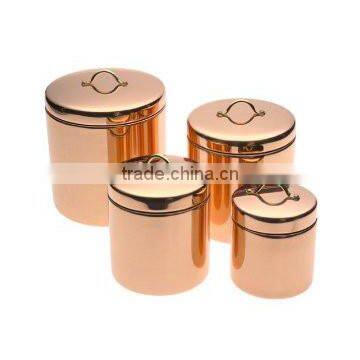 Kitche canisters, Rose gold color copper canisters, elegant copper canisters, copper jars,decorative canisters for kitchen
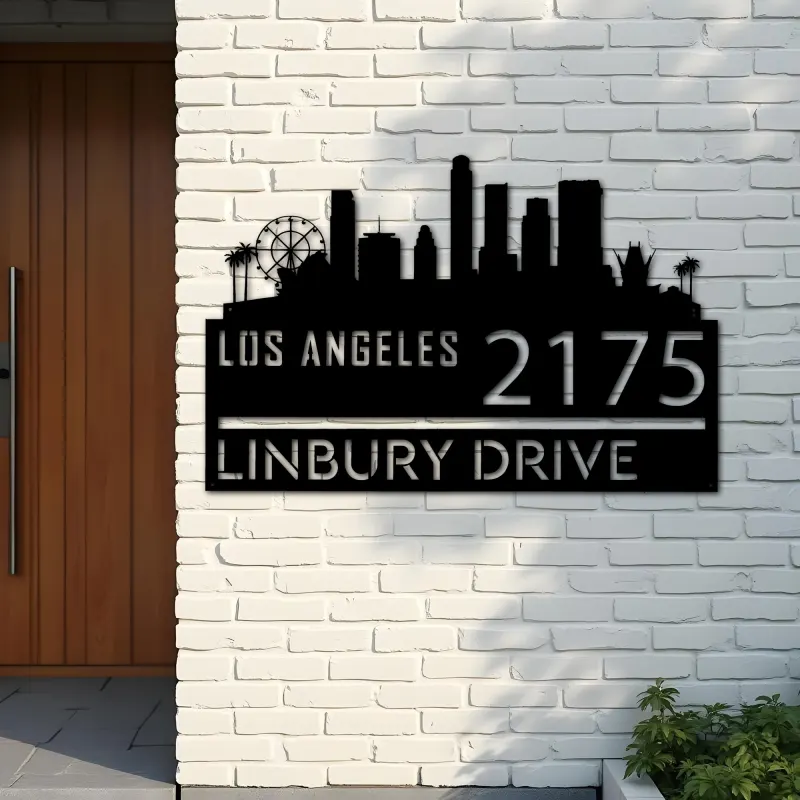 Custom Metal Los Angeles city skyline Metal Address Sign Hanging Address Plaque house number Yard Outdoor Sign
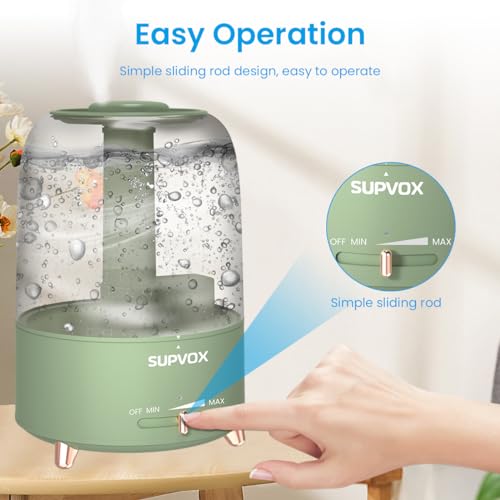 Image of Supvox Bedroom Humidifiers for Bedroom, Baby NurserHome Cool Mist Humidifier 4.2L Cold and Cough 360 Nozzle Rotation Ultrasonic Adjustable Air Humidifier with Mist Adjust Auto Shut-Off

|---|

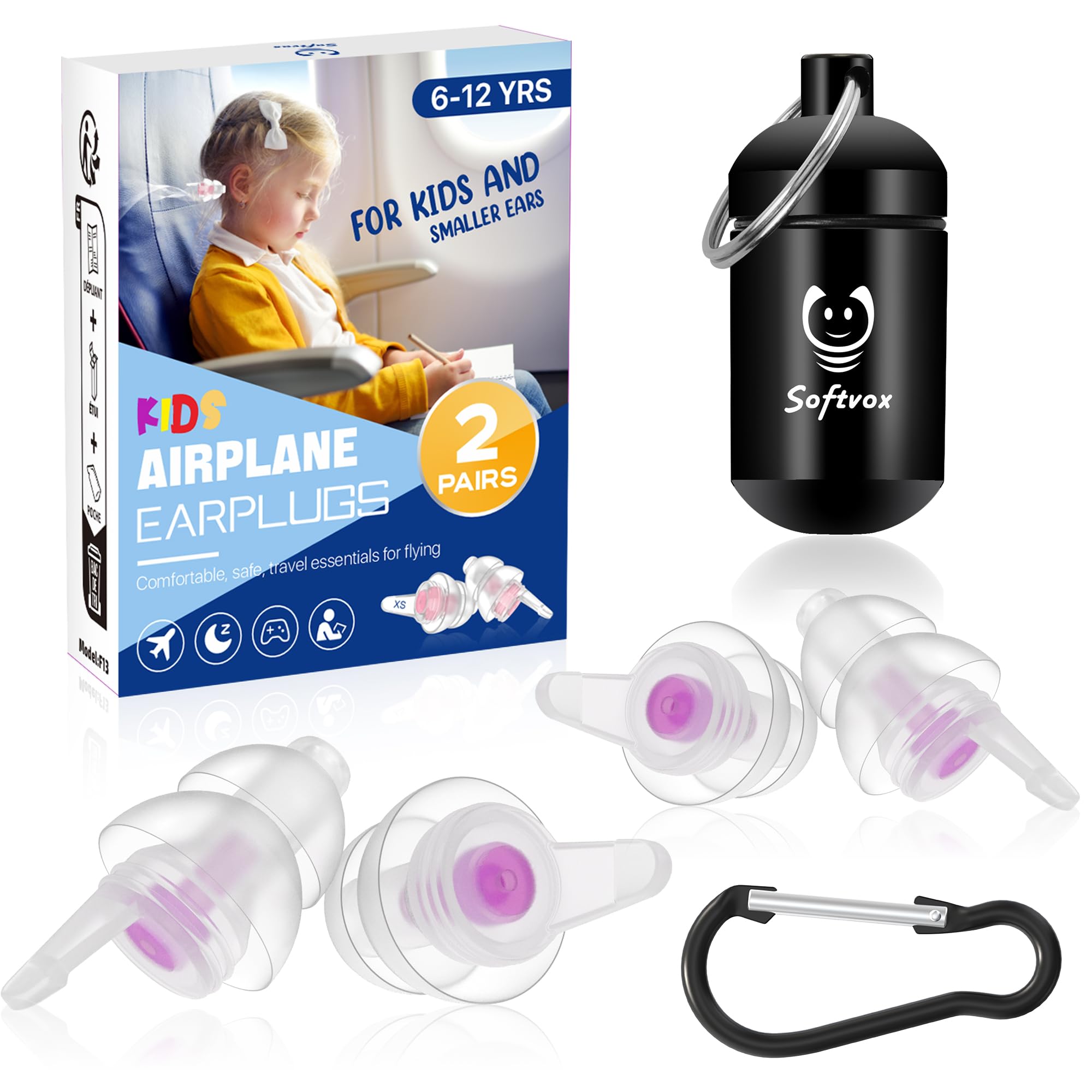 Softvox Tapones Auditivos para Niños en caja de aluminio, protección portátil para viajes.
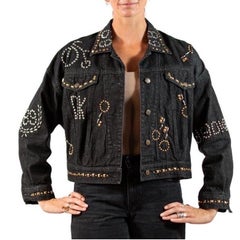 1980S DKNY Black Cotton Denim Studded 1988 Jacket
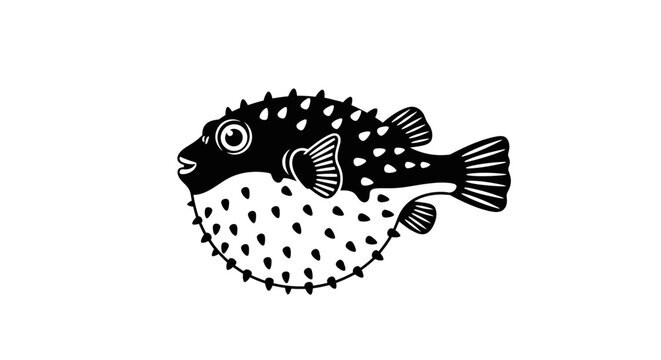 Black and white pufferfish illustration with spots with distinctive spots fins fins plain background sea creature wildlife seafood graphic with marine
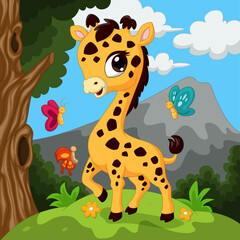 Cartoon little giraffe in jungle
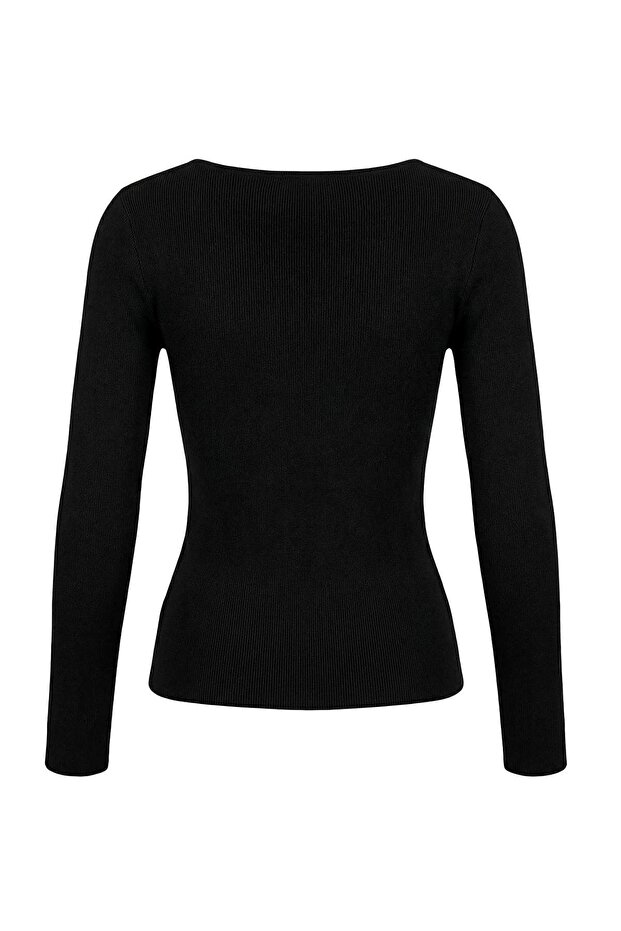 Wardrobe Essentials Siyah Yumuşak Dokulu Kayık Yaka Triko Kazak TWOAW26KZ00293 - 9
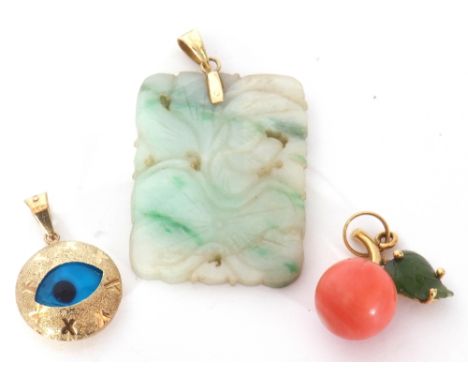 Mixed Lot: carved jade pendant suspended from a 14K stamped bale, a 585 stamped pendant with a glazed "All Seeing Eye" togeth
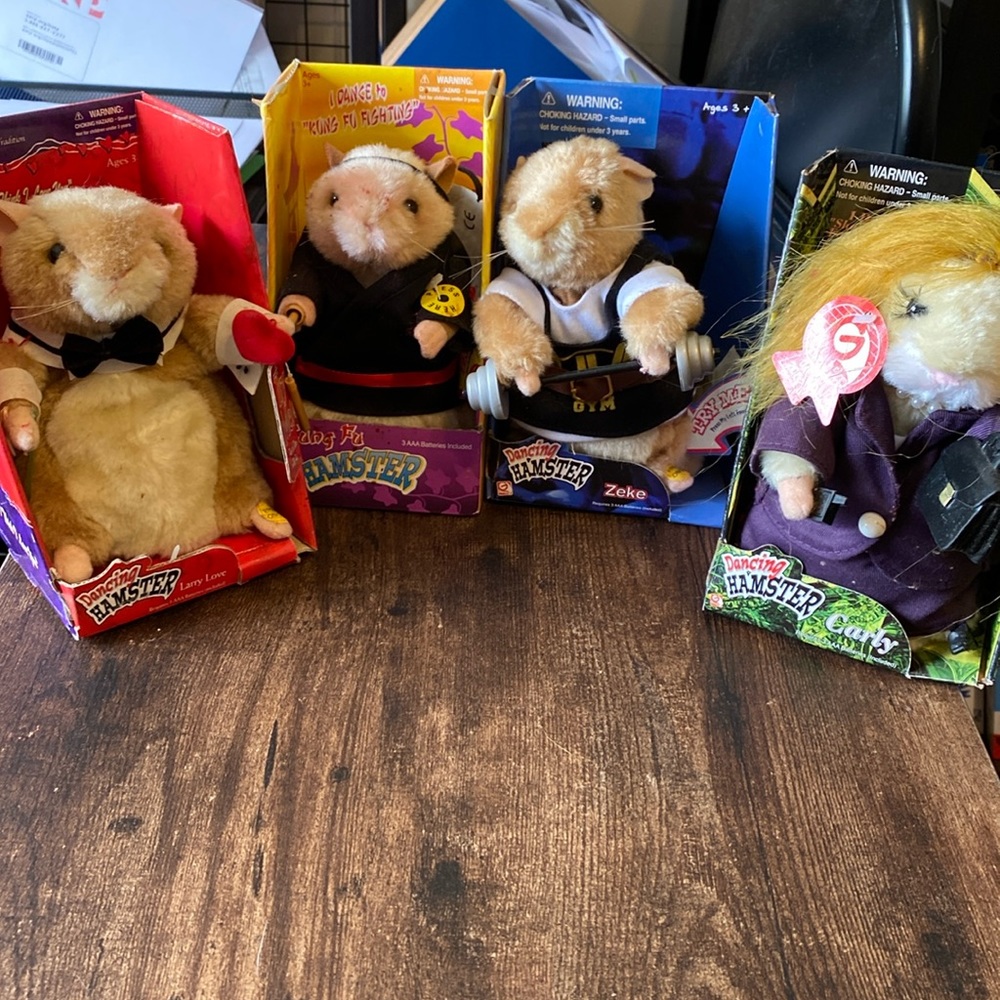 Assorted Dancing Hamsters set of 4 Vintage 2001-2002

|---|

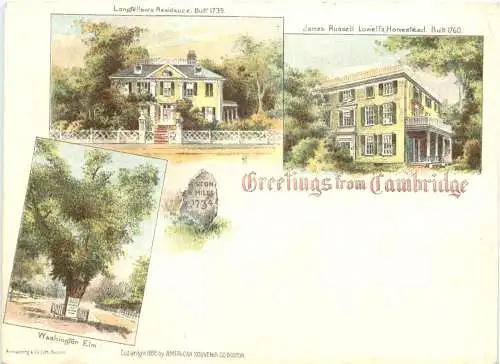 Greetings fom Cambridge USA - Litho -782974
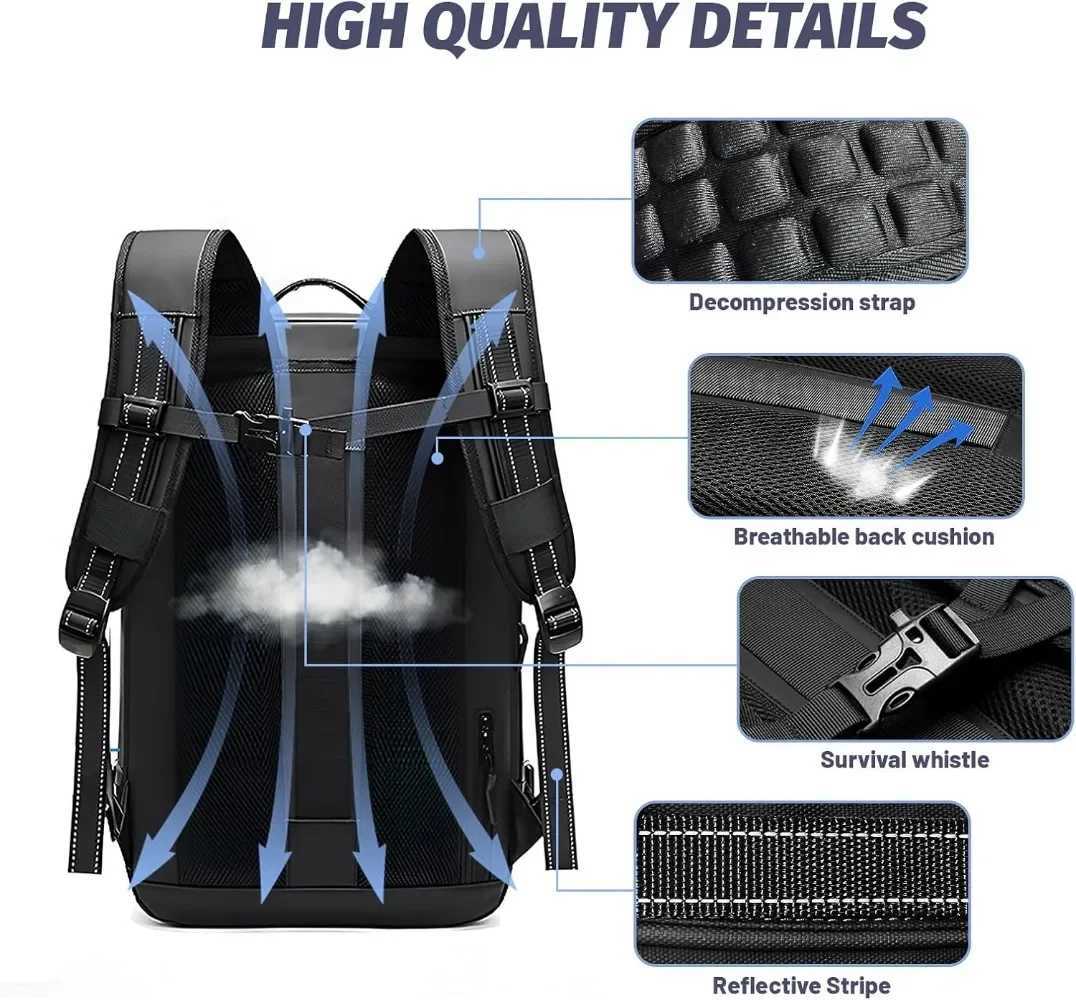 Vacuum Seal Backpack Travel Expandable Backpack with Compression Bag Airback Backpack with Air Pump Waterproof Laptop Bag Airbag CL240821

|---|

- **TASK DETAILS**: Each line between the one holding "Softvox Tapones Auditivos" and the one holding "1980S DKNY Black", inclusive, should be copied exactly as it appears above, and pictures should be omitted.

- **EXERCISE RESPONSE**:
 Softvox Tapones Auditivos para Niños en caja de aluminio, protección portátil para viajes.
 1980S DKNY Black Cotton Denim Studded 1988 Jacket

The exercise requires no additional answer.